RECORDED DATA:
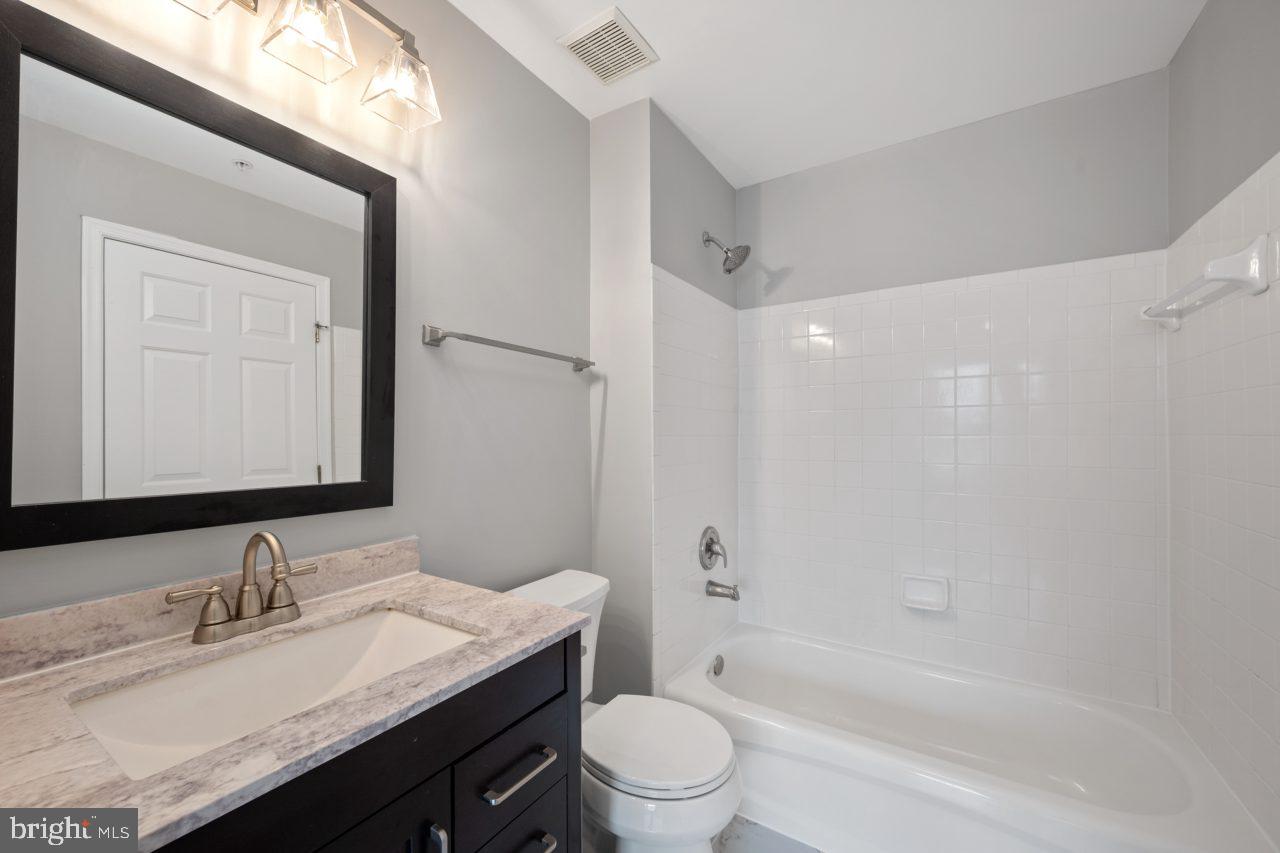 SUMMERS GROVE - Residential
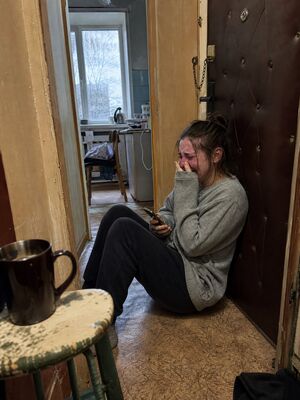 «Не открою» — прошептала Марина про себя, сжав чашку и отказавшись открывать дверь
...
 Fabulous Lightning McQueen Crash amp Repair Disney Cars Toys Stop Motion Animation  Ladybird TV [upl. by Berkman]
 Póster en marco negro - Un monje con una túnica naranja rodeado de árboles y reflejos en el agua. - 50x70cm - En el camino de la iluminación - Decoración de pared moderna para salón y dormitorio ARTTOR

EXERCISE PROMPT: Please transcribe exactly the lines above from the line that has "Fabulous Lightning McQueen" up to and including the line that has "Póster en marco"; no other line belongs in the answer.

REPLY:
 Fabulous Lightning McQueen Crash amp Repair Disney Cars Toys Stop Motion Animation  Ladybird TV [upl. by Berkman]
 Póster en marco negro - Un monje con una túnica naranja rodeado de árboles y reflejos en el agua. - 50x70cm - En el camino de la iluminación - Decoración de pared moderna para salón y dormitorio ARTTOR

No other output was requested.